Goal of the exercise:
Below is some data. Retype exactly the lines starting at the one with "front view of" and ending at the one with "Illustration for greeting".

Source information:
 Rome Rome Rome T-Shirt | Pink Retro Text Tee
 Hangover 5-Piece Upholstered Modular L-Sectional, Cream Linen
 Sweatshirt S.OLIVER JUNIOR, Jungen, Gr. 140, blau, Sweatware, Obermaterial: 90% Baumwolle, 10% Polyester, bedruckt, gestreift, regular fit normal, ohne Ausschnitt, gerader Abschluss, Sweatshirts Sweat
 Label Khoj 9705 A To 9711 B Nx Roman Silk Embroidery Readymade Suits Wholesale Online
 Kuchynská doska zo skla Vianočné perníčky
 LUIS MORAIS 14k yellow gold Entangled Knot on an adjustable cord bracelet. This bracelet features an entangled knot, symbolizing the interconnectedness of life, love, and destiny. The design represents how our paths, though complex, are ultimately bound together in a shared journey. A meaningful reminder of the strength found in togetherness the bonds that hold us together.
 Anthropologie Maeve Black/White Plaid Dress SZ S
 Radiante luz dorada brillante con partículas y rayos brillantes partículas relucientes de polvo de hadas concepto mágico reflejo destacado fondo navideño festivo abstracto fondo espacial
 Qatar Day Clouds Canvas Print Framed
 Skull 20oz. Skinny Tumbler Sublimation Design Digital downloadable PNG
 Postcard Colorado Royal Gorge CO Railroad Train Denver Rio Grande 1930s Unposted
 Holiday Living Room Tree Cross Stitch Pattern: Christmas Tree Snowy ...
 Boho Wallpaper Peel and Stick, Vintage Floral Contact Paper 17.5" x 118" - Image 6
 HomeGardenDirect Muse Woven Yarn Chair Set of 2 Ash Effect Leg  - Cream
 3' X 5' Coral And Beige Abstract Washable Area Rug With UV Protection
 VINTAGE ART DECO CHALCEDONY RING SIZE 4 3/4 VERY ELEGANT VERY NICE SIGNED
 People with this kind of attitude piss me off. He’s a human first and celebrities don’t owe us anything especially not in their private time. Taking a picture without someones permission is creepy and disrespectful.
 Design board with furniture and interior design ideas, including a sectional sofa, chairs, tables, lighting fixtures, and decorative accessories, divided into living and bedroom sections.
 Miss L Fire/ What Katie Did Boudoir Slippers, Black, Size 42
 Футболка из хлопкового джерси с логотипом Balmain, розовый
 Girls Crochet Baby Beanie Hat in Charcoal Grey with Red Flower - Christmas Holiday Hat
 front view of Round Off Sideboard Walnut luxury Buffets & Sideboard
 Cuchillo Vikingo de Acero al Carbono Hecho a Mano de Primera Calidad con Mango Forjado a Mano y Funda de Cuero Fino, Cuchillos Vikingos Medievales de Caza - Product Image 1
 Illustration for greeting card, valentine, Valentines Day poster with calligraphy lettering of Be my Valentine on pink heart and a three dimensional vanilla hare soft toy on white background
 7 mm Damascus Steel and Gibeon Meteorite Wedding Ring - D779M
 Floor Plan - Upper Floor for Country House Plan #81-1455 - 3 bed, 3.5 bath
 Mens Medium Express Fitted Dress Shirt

Answer section:
 front view of Round Off Sideboard Walnut luxury Buffets & Sideboard
 Cuchillo Vikingo de Acero al Carbono Hecho a Mano de Primera Calidad con Mango Forjado a Mano y Funda de Cuero Fino, Cuchillos Vikingos Medievales de Caza - Product Image 1
 Illustration for greeting card, valentine, Valentines Day poster with calligraphy lettering of Be my Valentine on pink heart and a three dimensional vanilla hare soft toy on white background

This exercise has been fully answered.